§ **Entries provided**:
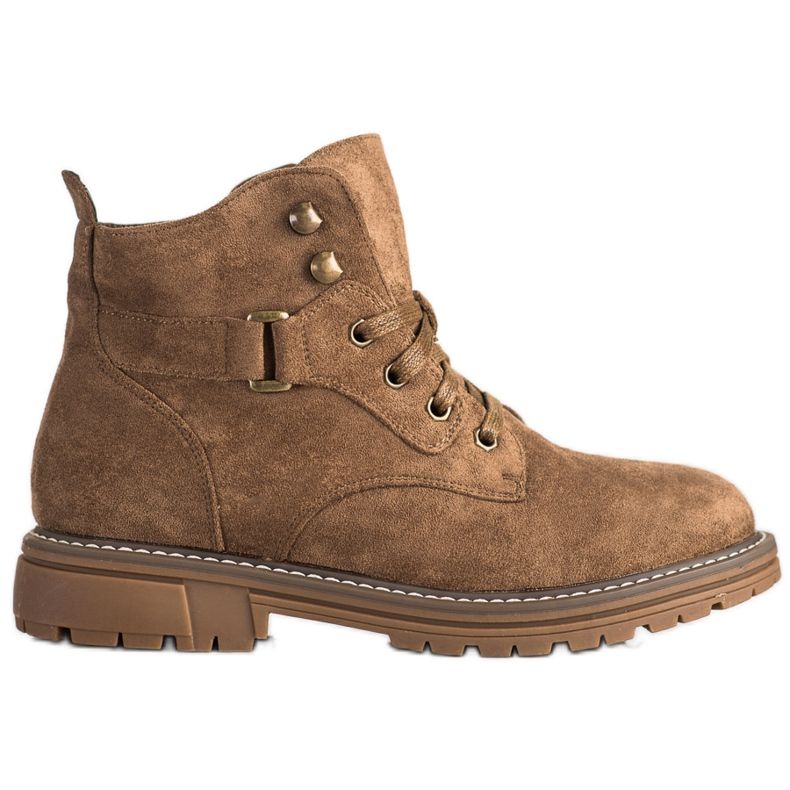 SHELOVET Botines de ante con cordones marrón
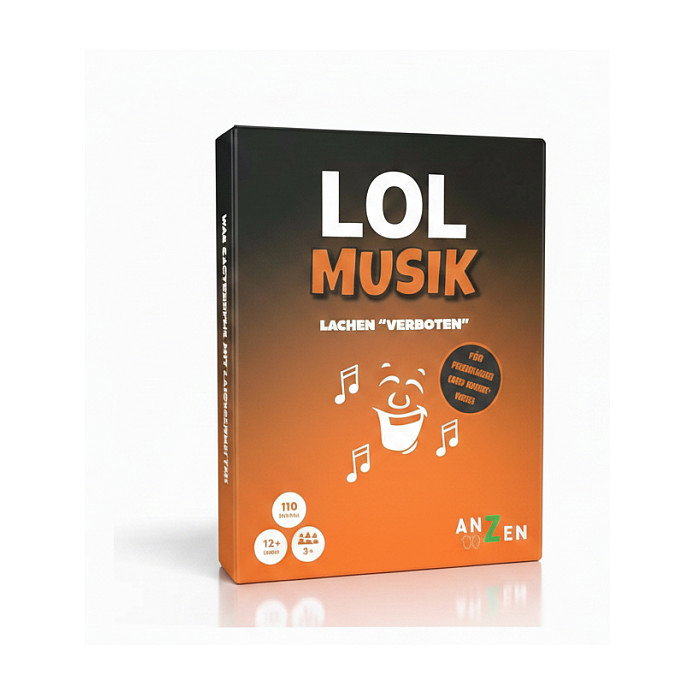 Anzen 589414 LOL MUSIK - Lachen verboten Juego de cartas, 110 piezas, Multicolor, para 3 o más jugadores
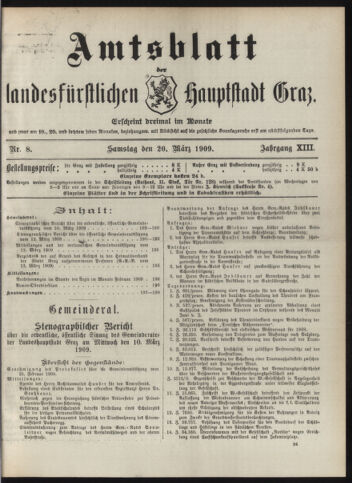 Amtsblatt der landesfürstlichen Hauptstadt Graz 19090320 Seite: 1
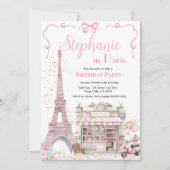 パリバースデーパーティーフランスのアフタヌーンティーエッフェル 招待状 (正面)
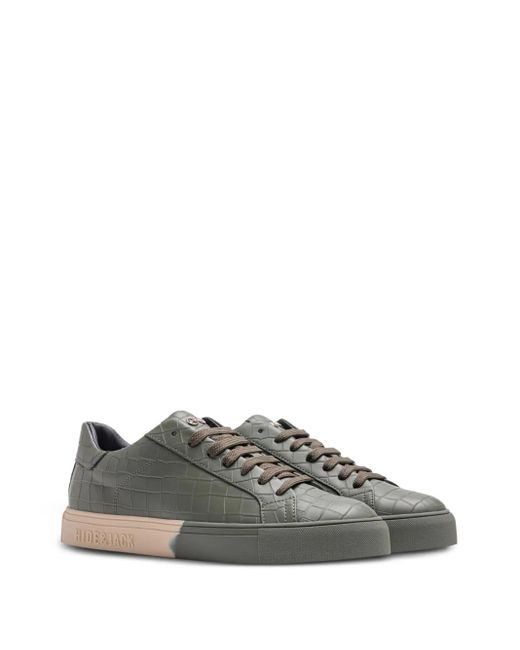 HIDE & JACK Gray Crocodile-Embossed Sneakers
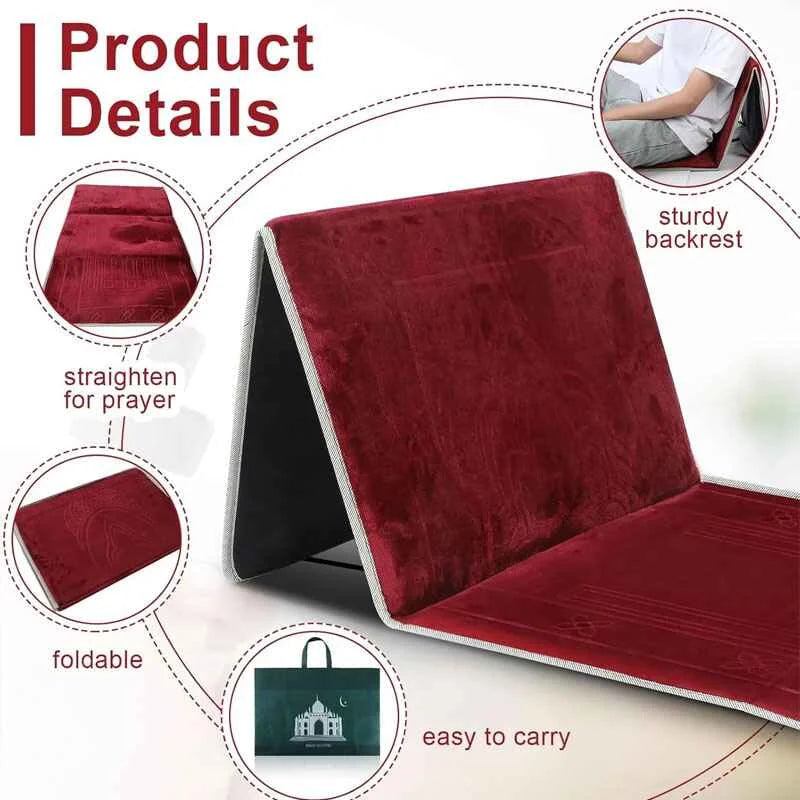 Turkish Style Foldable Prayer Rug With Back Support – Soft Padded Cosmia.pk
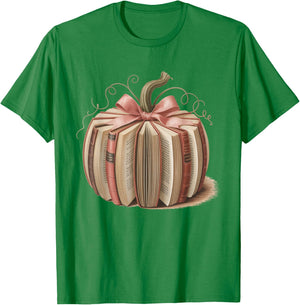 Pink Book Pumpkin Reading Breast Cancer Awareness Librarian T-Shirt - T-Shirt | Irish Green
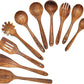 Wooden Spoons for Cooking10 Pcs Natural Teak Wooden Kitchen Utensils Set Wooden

§ **Task brief**:
The pictures alone are to be left out when the data above is copied; all else must match exactly.

§ **Task solution**:
 SHELOVET Botines de ante con cordones marrón
 Anzen 589414 LOL MUSIK - Lachen verboten Juego de cartas, 110 piezas, Multicolor, para 3 o más jugadores
 Amtsblatt der landesfürstlichen Hauptstadt Graz 19090320 Seite: 1
 パリバースデーパーティーフランスのアフタヌーンティーエッフェル 招待状 (正面)
 HIDE & JACK Gray Crocodile-Embossed Sneakers
 Turkish Style Foldable Prayer Rug With Back Support – Soft Padded Cosmia.pk
 Pink Book Pumpkin Reading Breast Cancer Awareness Librarian T-Shirt - T-Shirt | Irish Green
 Wooden Spoons for Cooking10 Pcs Natural Teak Wooden Kitchen Utensils Set Wooden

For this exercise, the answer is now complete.